Short text fragments from websites
__________
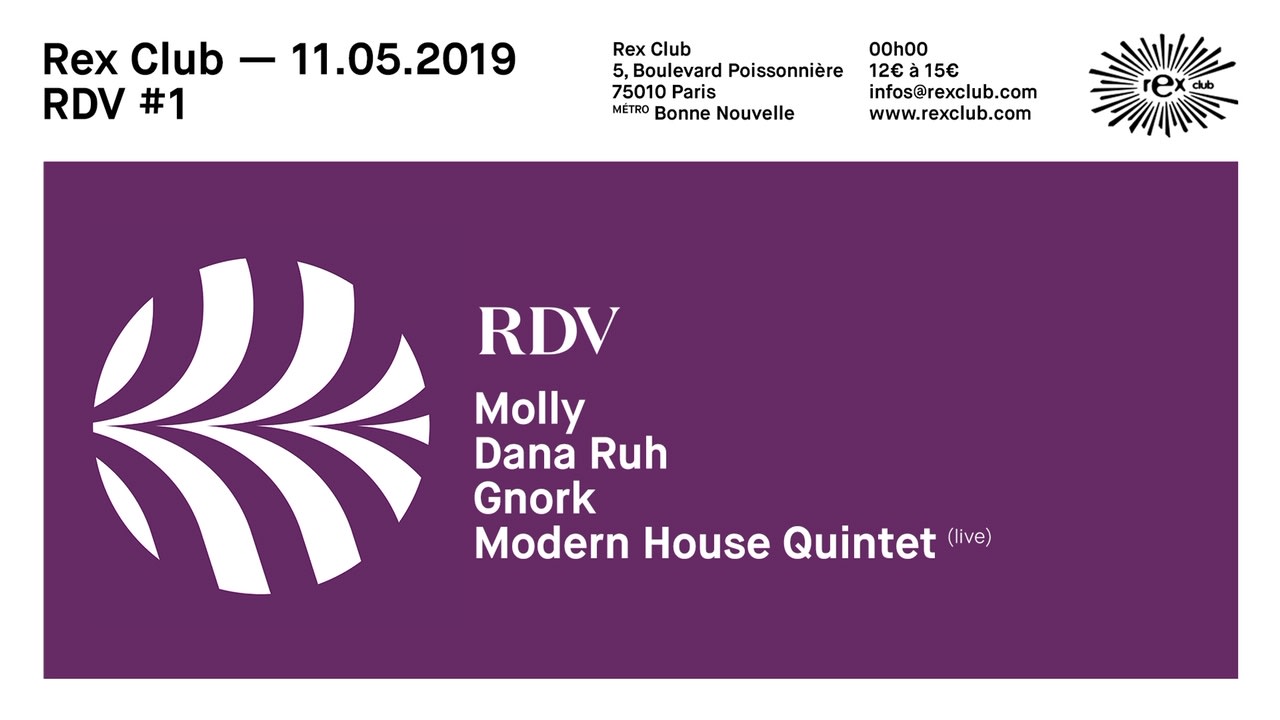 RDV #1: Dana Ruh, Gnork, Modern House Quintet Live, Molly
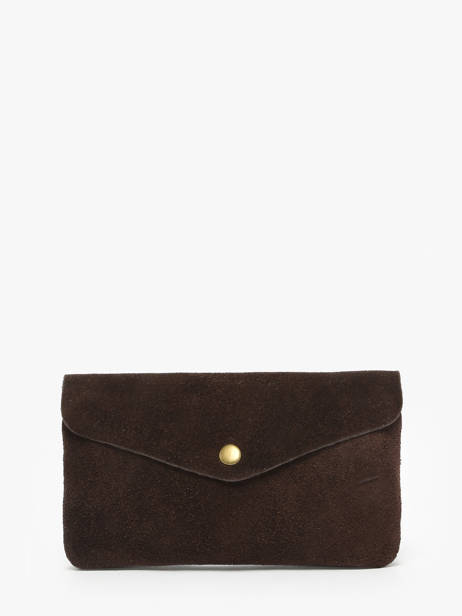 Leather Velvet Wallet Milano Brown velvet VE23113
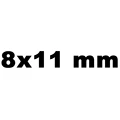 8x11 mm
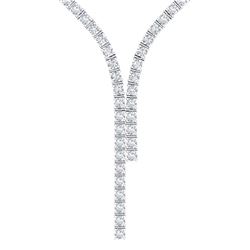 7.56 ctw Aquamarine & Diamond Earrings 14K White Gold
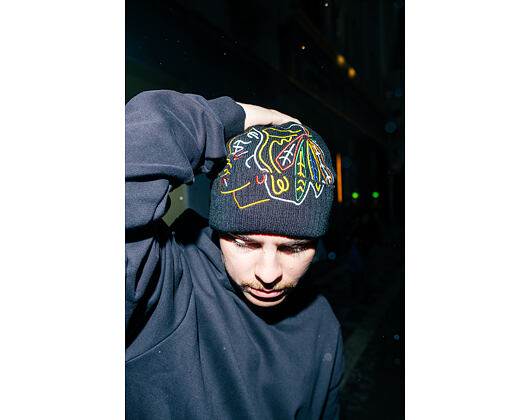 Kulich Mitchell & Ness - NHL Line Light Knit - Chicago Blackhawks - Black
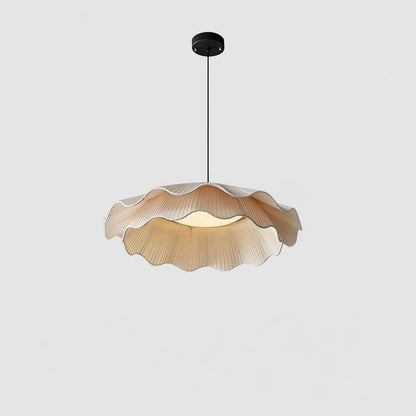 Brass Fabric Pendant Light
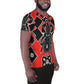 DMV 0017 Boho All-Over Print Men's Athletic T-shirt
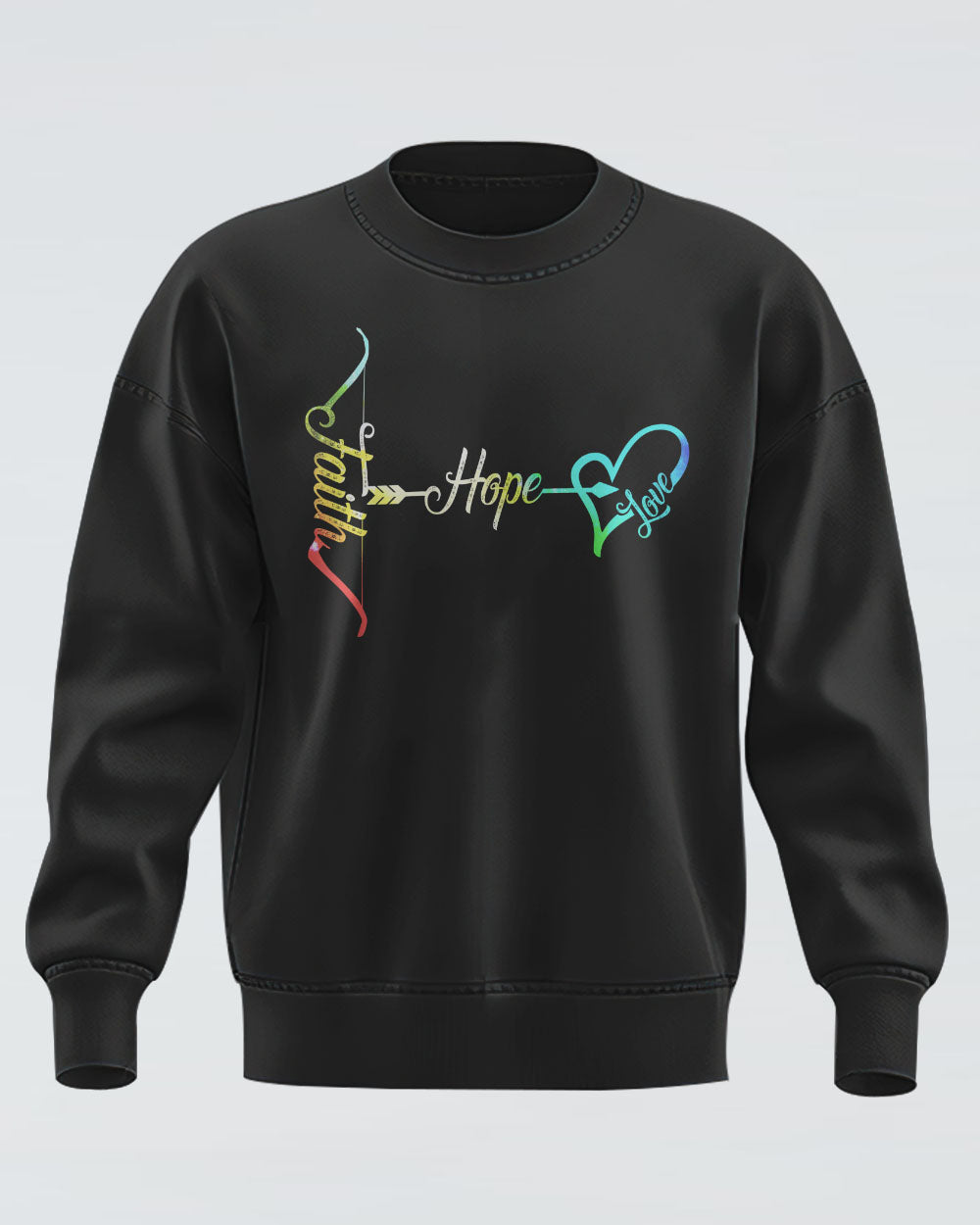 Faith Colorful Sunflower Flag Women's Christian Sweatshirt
__________
WORK ITEM
When you copy the records above, keep every word exact and drop the pictures.

TASK RESULT
 RDV #1: Dana Ruh, Gnork, Modern House Quintet Live, Molly
 Leather Velvet Wallet Milano Brown velvet VE23113
 8x11 mm
 7.56 ctw Aquamarine & Diamond Earrings 14K White Gold
 Kulich Mitchell & Ness - NHL Line Light Knit - Chicago Blackhawks - Black
 Brass Fabric Pendant Light
 DMV 0017 Boho All-Over Print Men's Athletic T-shirt
 Faith Colorful Sunflower Flag Women's Christian Sweatshirt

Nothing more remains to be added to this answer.